この作品は相当に準備と制作時間が費やされたのだろうな、と思うのはそのオリジナル性。各人に主張はあるだろうけど、「この作品はどういうジャンルなの?」と問うて明快に答えるのは難しかろう。(生存戦略ー! はともかく)バトルもの作品などのように毎回の大枠展開が存在するでもなく、かといって全体を通しての既存の「テンプレ構造」があるワケでも無い。純粋に、作家が今まで無かったお話を紡ぎだし、その展開一本で視聴側を引っ張っていかなきゃならない。ジャンルイメージに寄っかかった視聴補助ブースターが存在しない、ってのは結構な野心的アプローチであろうよ。

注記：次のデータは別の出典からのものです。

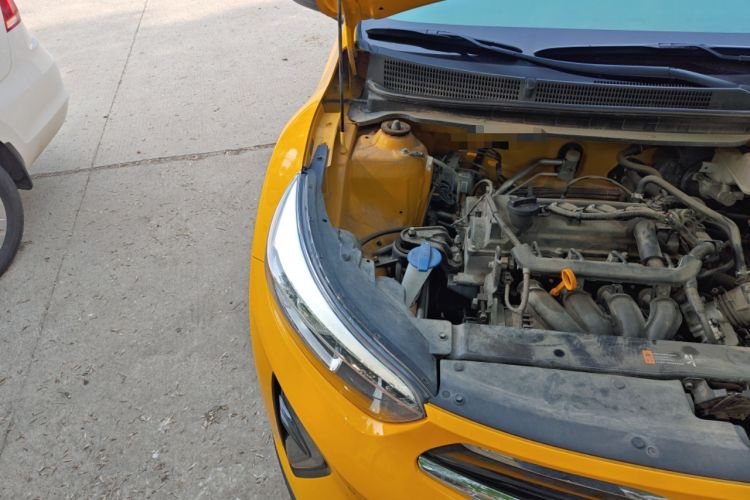Used Kia kx1 Stonic 2021 1.4L CVT Sunroof Model Engine Bay Right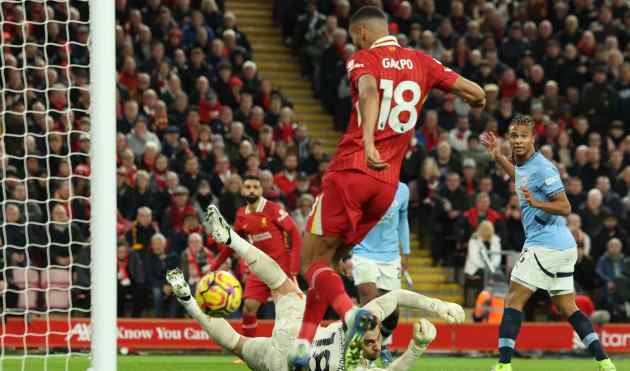 Liverpool làm tốt hơn hẳn Man City trong mùa này.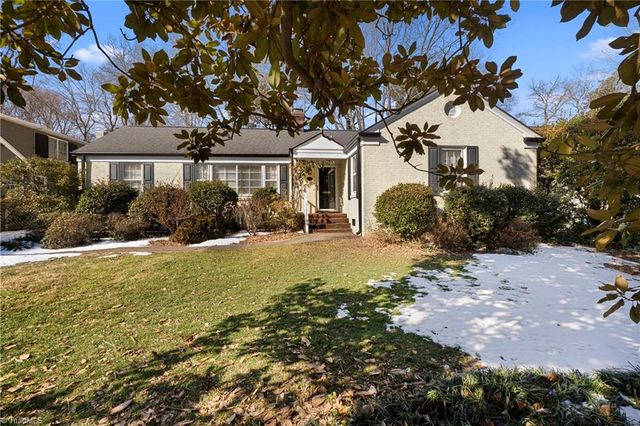 221 W Avondale Drive, Greensboro, NC 27403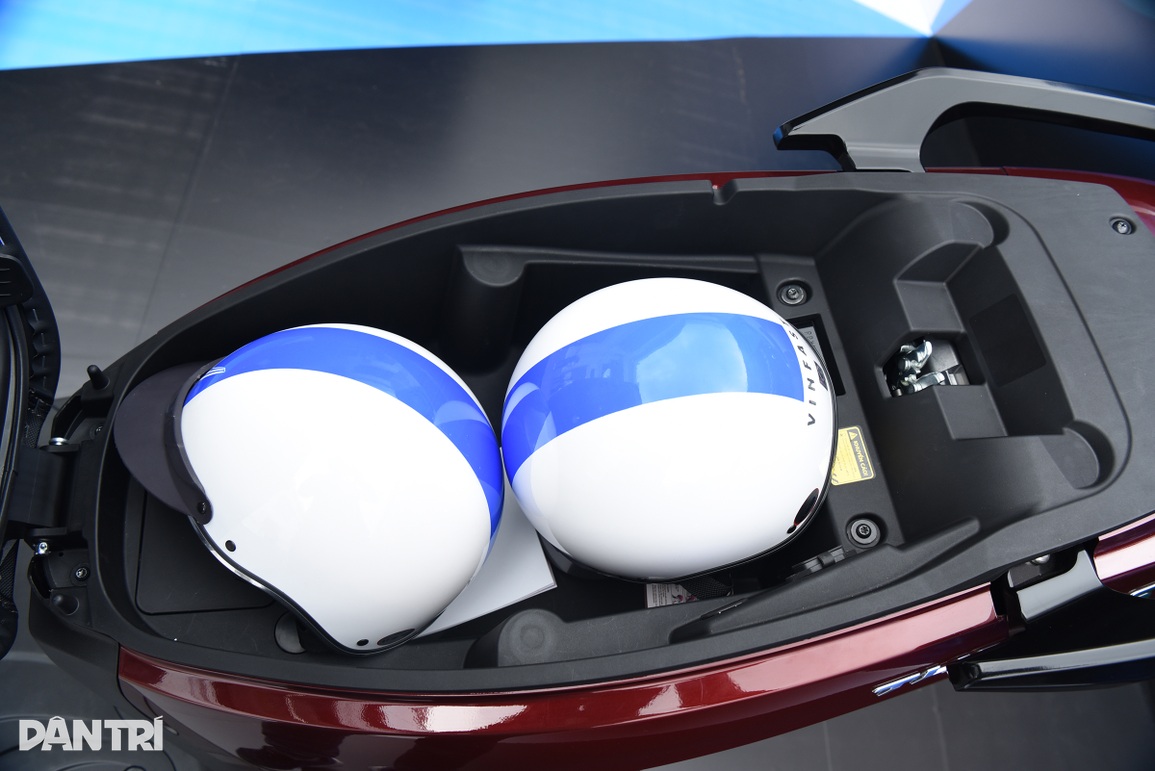 VinFast ra loạt xe máy điện dùng pin công nghệ mới, đi 200km một lần sạc - 4 VinFast ra loạt xe máy điện dùng pin công nghệ mới, đi 200km một lần sạc - 4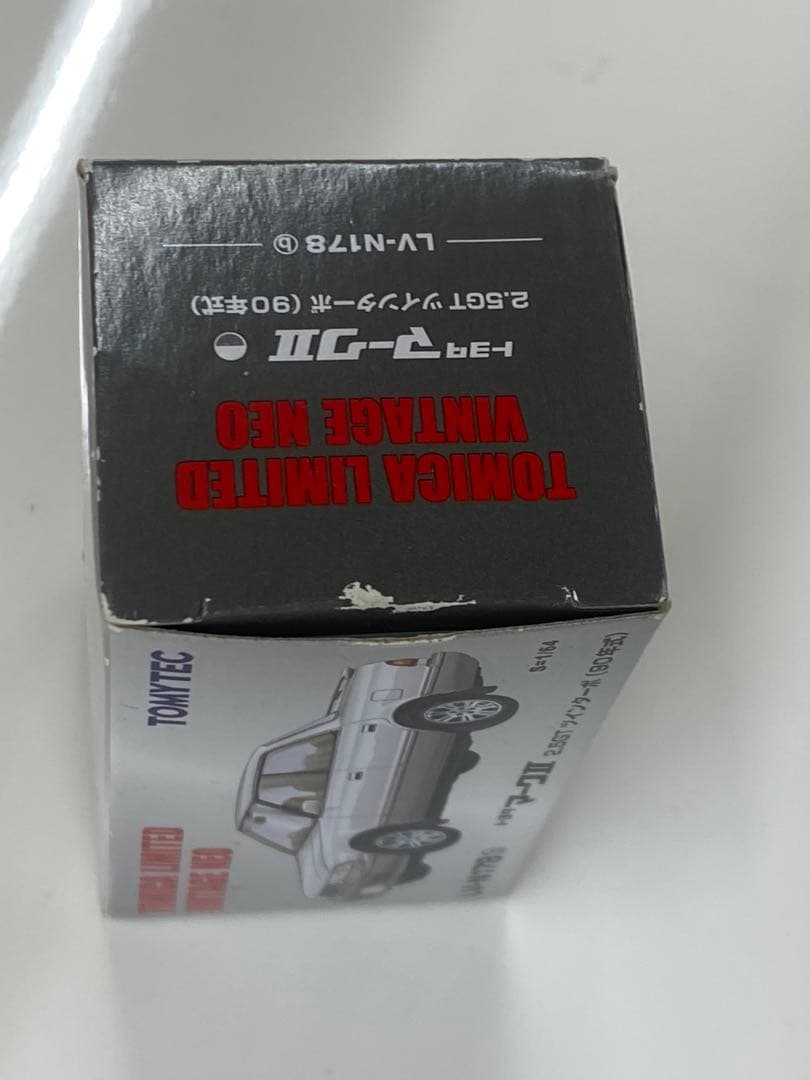 未使用品 トミカリミテッドヴィンテージネオ トヨタ マークⅡ ターボ 白/銀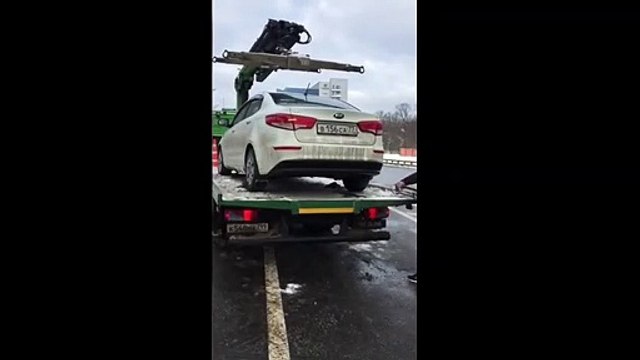 Russie : il fait descendre sa voiture d'un camion de fourrière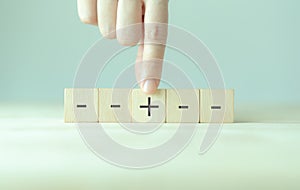 Quantitative Pros and Cons analysis concept.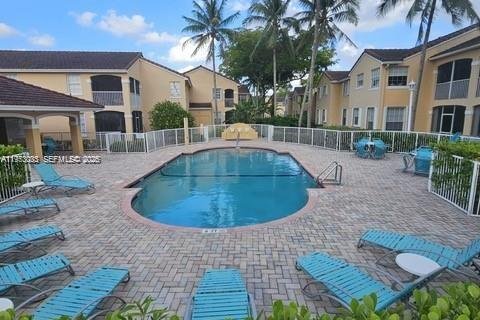 Townhouse in Miami Lakes, Florida 3 bedrooms, 141.68 sq.m. № 2008111 - photo 18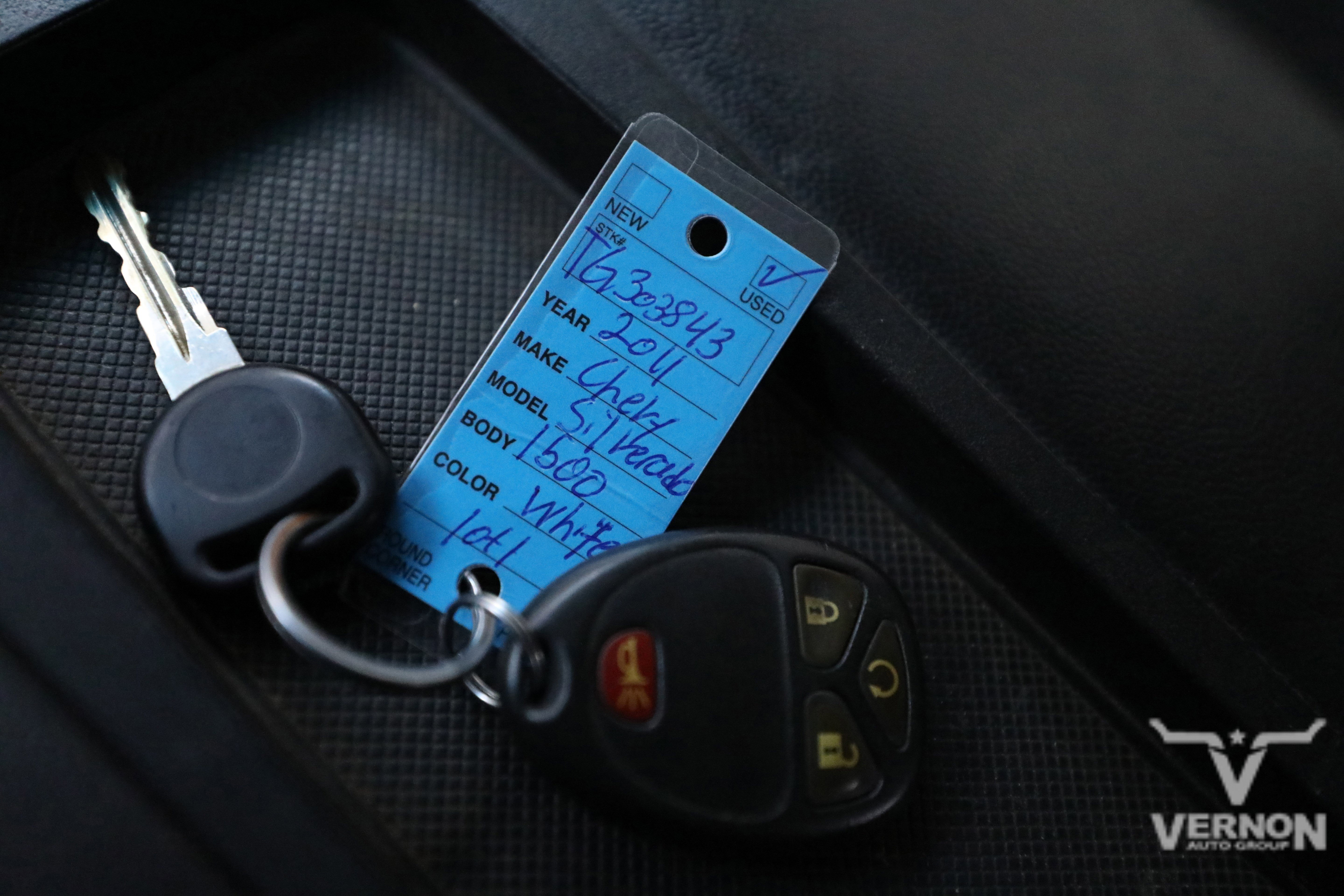 Used 2011 Chevrolet Silverado 1500 LTZ w/ Z71 Appearance Package image 13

てことで…何ちうか、久々にこの味を堪能したというか、楽しませていただきました。幾原監督にあってはもうちょっと頻繁にアニメ制作にかかわってほしいなー、とつくづく思ったよ。うん。


Fate/Zero・13話…ってこれ最終話なの!? 全然終わってないじゃん! 正真正銘途中じゃん! …どうやら分割二期体制、ってことらしい。うへえワシ知らんかったわ。ともあれ、えー、本編。ウェイバーとライダーのなんか知らん仲よさげなコンビ問答と、勝手な理屈で面倒ごとを大発生させてしまうキャスターたちの話。


まずはライダーたちですが、とにっかく器のデカすぎるライダーのおっさんと未熟ながら良き影響を受けつつあるウェイバーさんの会話が面白い。話の途中でライダーがウェイバーのカバンから地図帳を取り出すシーン、必要以上にぐいと密着してくるあの演出はいかにも面倒見のいいおっさん/アニキ/お父んの風情を出しててよろしかった。…まァメタ的に見れば当然ながら薔薇ぃ目配せもあるのではあろうけど、それ以外にちゃんと性格の出た演出だったしね。ちうかアレキサンダーさんの時代って衆道は普通だよな。じゃいいや、ウェイバーさんはとりあえずついでに掘られとけ。そういえば「己の世界を小さく限定しては駄目だ」とライダーさんも言っていた。うん。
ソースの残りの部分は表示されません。